En passant outre cette double difficulté préalable, existe-t-il un dommage écologique ou environnemental spécifique qui puisse justifier l’existence de ce que l’on pourrait qualifier de responsabilité environnementale en général, et liée au changement climatique en particulier?
Le droit français est en général hostile aux tentatives ou velléité d’autonomie des disciplines juridiques. Pour autant le concept de « dommage écologique » a petit à petit fait son apparition dans le vocabulaire, notamment à partir des années 1970. Dans cette approche, le dommage écologique, c’est quasiment tout dommage de pollution, et c’est un dommage causé par l’homme à son environnement.
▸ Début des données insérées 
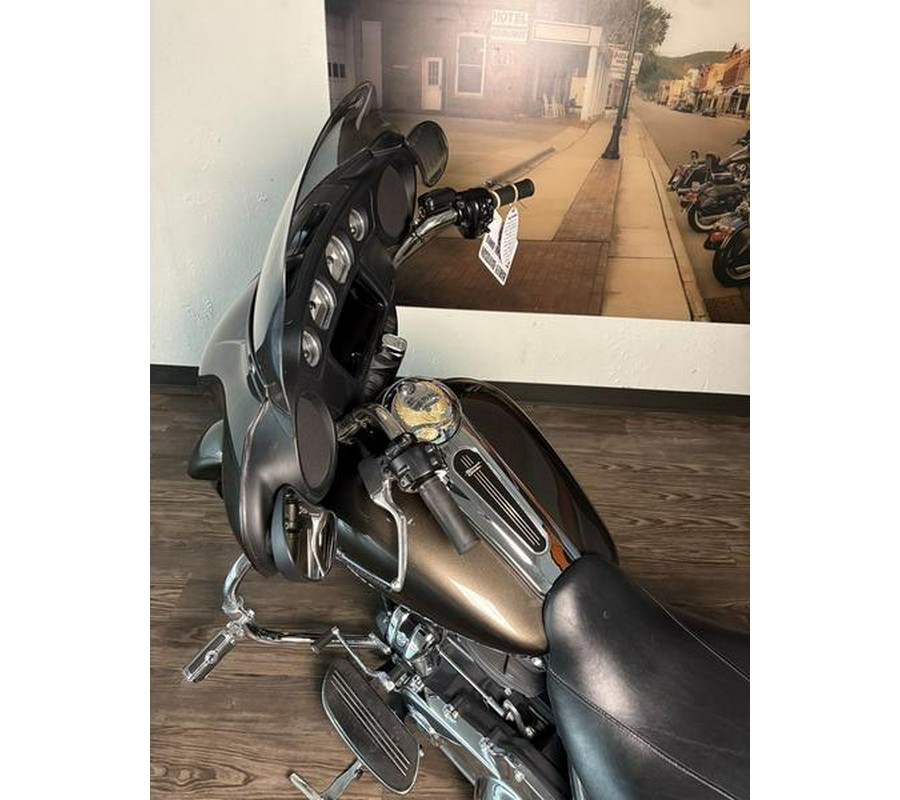 2021 Harley-Davidson® FLHX - Street Glide®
Dans cette conception « collective » du dommage écologique, certains envisageaient même la reconnaissance d’un dommage direct à l’environnement pris comme une victime en soi d’un trouble, indépendamment d’une personne physique ou morale invoquant un préjudice. On parle alors de «préjudice écologique pur » Une autre approche du dommage environnemental ou écologique est plus patrimoniale et envisage de donner à chacun le droit de protéger l’environnement en lui reconnaissant un droit subjectif à l’environnement.
Un autre élément de compréhension du dommage écologique, qui fait aussi, d’une certaine manière, sa spécificité, est son caractère le plus souvent irréversible : les pollutions, les atteintes aux biotopes ou aux espèces animales en voie de disparition, les effets radioactifs à durée indéterminée, sont souvent irréversibles à la différence des dommages ordinaires. D’un autre côté, en droit de la responsabilité civile générale, la mort est un phénomène irréversible, qui est compensée par le versement d’une indemnité dite compensatoire.
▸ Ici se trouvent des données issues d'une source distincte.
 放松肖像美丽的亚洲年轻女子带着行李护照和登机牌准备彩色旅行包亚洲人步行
En d’autres termes, la définition théorique du dommage écologique n’est guère aisée et de nombreuses écoles s’affrontent, de la conception subjective et individualiste à l’approche objective et collective de ce dommage.
Mais si l’on quitte le terrain purement théorique pour s’intéresser à la réalité contentieuse de la responsabilité environnementale, on doit constater qu’en dehors des grandes catastrophes c’est plutôt la conception subjective et individualiste qui prédomine en droit français.
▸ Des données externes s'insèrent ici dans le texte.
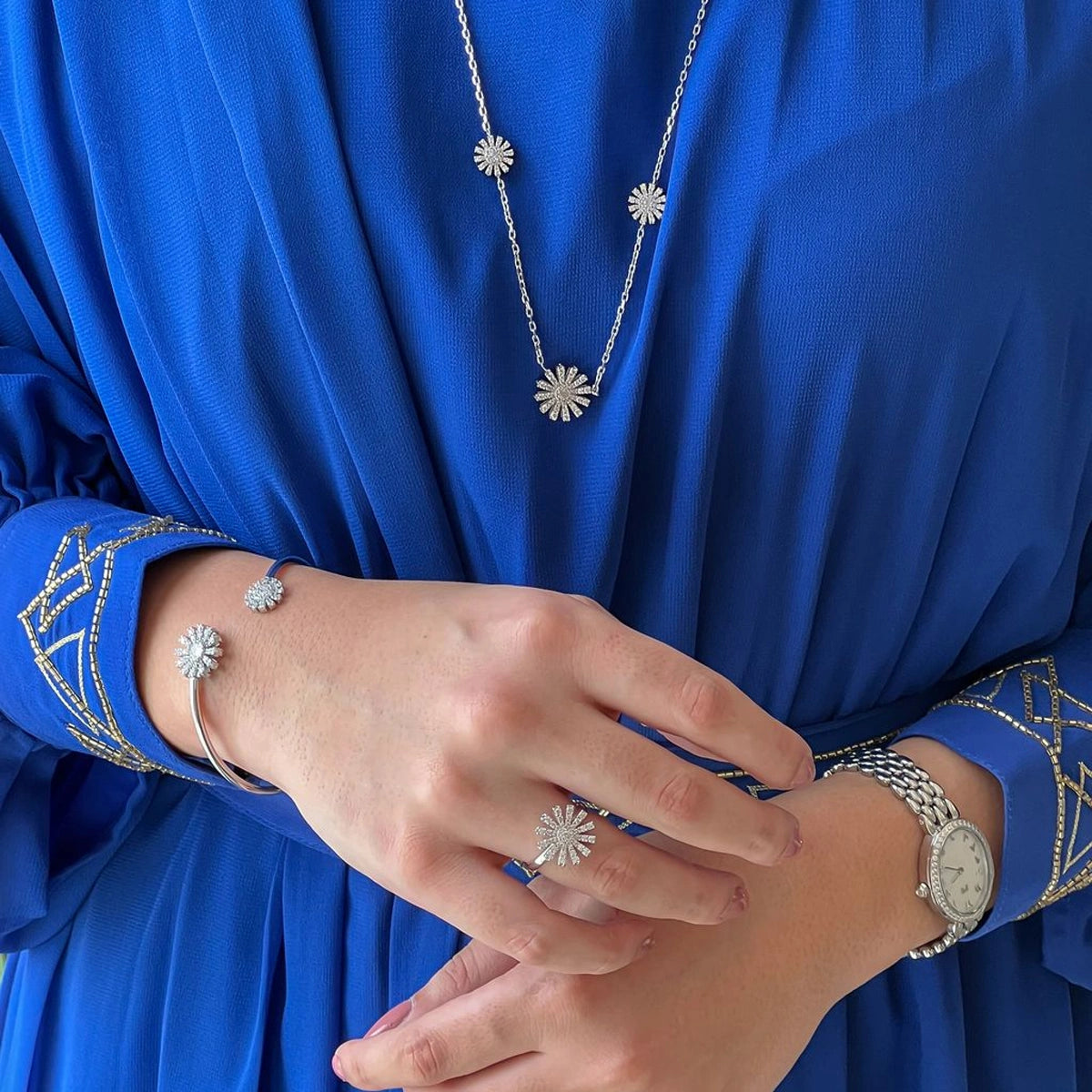 تشارمنق سن فلاور / عقد باللون الفضي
Or pour le changement climatique, le dommage spécifique environnemental indemnisable est donc celui qui est causé à une personne ou un bien par le milieu dans lequel ils vivent ou se situent : des nuisances de voisinage au niveau des éléments (air, terre, eau), des dommages aux ouvrages et habitations ou immeuble (pollutions, assèchements, affaissements…), des atteintes à la santé humaine ou à l’intégrité des personnes physiques, etc…
Faute de contenu précis à ce dommage et faute de preuve du lien de causalité avec ce réchauffement, il est difficile d’avancer sans texte créant ce contenu et présumant le lien de causalité.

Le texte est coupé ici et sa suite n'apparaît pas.